John Glenn by Andrew Chaikin

John Glenn by Andrew Chaikin

Author:Andrew Chaikin [Chaikin, Andrew]
Language: eng
Format: epub
ISBN: 978-1-58834-486-1
Publisher: Smithsonian
Published: 2014-04-07T16:00:00+00:00


THE MULTICOLORED BRILLIANCE of another space sunset faded from view as Friendship 7 coasted into its third orbital night. Below, in the light of the full moon, Glenn could see a huge storm sprawled across the Pacific, with flashes of lightning going off like firecrackers all the way to the horizon. The automatic control system was still acting up, but he was staying on top of it. And he was getting as many observations and tests accomplished as he could, including eye checks that showed his vision was unaffected by weightlessness. The only strange thing was the questions he kept getting from the ground stations about his landing bag. Could he verify that his landing bag switch was in the “off” position? (It was.) Was he hearing any banging or flapping sounds when he turned the capsule? (He wasn’t.) Maybe controllers at the Cape were trying to figure out if the strange glowing particles he’d been seeing were coming from his landing bag. Or maybe there was some problem they weren’t telling him about.

As he flew over Hawaii for the third time, he got the word about the telemetry signal indicating his landing bag had prematurely deployed. They asked him to test the landing bag deployment switch to see if it lit any status lights on his panel—a risky move, Glenn thought, but he did as they asked, and when no lights went on they seemed satisfied, and told him he’d make a normal reentry. But as far as Glenn was concerned, the mistake had been made. If the ground thought his spacecraft was having a problem they should have told him, whether or not they had an answer yet. The pilot of a spacecraft had to be in the loop; it was just that simple.
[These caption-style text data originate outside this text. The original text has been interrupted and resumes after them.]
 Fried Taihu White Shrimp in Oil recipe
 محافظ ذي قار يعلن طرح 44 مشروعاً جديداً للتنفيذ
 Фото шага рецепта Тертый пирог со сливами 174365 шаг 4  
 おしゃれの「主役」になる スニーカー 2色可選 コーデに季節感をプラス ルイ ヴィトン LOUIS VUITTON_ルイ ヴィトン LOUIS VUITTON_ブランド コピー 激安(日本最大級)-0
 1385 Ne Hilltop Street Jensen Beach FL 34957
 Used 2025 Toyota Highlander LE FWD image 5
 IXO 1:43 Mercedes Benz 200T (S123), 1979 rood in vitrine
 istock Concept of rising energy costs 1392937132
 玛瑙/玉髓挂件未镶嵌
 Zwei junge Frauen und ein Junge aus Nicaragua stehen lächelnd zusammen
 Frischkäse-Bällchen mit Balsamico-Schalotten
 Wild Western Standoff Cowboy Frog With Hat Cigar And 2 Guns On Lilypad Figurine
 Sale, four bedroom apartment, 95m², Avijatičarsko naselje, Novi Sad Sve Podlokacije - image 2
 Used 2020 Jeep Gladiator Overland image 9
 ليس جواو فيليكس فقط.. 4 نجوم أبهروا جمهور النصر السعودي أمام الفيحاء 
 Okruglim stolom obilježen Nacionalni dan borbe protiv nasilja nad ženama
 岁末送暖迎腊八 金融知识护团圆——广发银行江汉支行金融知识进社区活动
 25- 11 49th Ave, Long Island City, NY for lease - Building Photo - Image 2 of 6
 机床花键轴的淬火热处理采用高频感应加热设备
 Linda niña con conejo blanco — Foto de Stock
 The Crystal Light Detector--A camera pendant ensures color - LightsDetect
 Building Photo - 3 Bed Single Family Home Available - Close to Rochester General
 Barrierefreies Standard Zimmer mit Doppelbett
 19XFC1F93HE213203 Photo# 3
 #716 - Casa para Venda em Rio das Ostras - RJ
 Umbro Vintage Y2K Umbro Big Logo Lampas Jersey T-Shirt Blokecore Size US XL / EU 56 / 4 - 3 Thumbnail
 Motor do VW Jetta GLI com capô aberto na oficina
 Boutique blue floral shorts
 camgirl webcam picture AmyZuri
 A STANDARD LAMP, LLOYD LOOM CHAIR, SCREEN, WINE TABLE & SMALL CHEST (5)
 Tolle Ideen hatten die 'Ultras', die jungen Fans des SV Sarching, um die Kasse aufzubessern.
“John, leave your retropack on through Texas. Do you read?” It was Wally Schirra’s voice, from the ground station in Point Arguello, California. Glenn realized there were deliberations about his capsule still going on in Mercury Control. But there wasn’t time to dwell on that right now; retrofire was less than a minute away. He’d lined up the capsule to the proper attitude, with the retrorockets aimed 34 degrees above the horizontal, pointing into his flight path. With half a minute to go, the capsule’s auto-sequencer began its own countdown for retrofire. Friendship 7 was crossing the coast of California when Schirra read the final seconds: “Five, four, three, two, one, fire.”

Glenn felt a solid push as the first of three solid-fuel retrorockets began firing. His mission clock showed that 4 hours, 33 minutes, and 7 seconds had elapsed since liftoff. Seconds later, he felt the second one go off, then the third. He felt as if he were suddenly flying back toward Hawaii, but it was just an illusion caused by the sudden acceleration after almost four and a half hours of weightlessness. In reality, the retros had only slowed Friendship 7 by about 340 miles per hour, enough to cause it to fall out of orbit.